The investment group PPF has agreed to buy the Czech unit of the Spanish telecommunications firm Telefónica. The Czech PPF group will pay 63.6 billion crowns for the controlling stake in the country’s largest mobile operator. The transaction, which is one of the biggest telecommunications deals in the past few years, is yet to be approved by the European Commission.

Photo: Kristýna Maková
After months of speculation, the Czech Republic’s biggest mobile phone operator is to change hands. On Tuesday, the PPF investment group announced it had reached a deal with Spain’s Telefónica on the sale of 65.9 percent share in its Czech unit.

The price – 63.6 billion crowns, or 3.33 billion US dollars – is around 45 billion crowns less than what Telefónica paid for the stake in 2005; that, however, comes as no surprise as the company’s revenues have been falling every quarter since early 2009.

The future owner will be taking over almost 8 million mobile and land-line customers in the Czech Republic and 1.4 million in Slovakia, as well as some 52.5 billion crowns worth of property.

Telecommunications consultant Jiří Peterka says that PPF’s acquisition of the company could bring greater flexibility and innovation.

Jiří Peterka,  photo: Hynek Bulíř
“Being a part of an international brand you can rely on your background, but on the other hand, you cannot behave really independently, you have to respect the strategies of the owner. And now one of the operators is returning into Czech hands and so it can be very pro-active. I hope that the new owner will be financially sound in order to enhance its new acquisition, and build up the operator to innovate technically and in the business sense.”

Most analysts expect that PPF, which belongs to the richest Czech Petr Kellner, will offer to buy out minority shareholders and eventually take it off the market. At Prague Stock Exchnage, Telefonica Czech’s shares dropped slightly after the deal was announced.

Miroslav Motejlek, who runs the business news website motejlek.com, says the deal fits PPF’s long-term investment strategy.

“The group has very large financial resources at their disposal, so it has to use them somewhere. From the regional perspective, it is hard to find another asset of this size, which it could buy.”

Photo: Barbora Kmentová
An important factor behind the deal seems to be the Czech mobile regulator’s re-run auction of 4G mobile frequencies, which is to start on November 11. PPF was a major bidder in the first unsuccessful auction, and was planning to launch a new mobile operator. Jiří Peterka says the deal will give the group a much stronger position for the upcoming bid.
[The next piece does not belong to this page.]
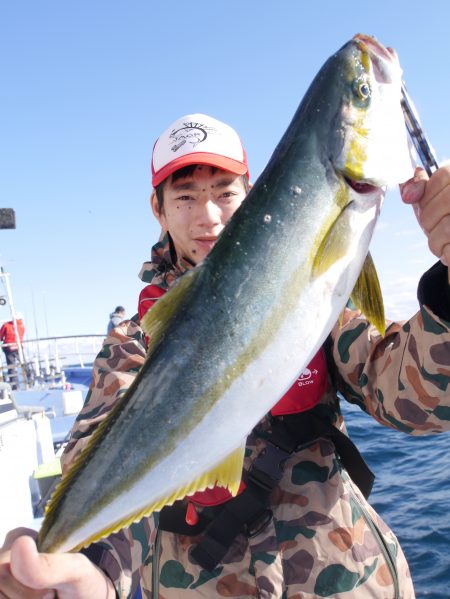 松鶴丸 釣果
“Telefónica wants to lower their debt so they want to sell their stake in the Czech Telefónica as soon as possible; and the new owner, the PPF group, wants to buy the stake as soon as possible, because bidding is starting in a few days. And of course, the group that takes part in the auction needs a new strategy. They have to know how much money they can spend, how they can behave. I think they had to make this deal before the bidding began.”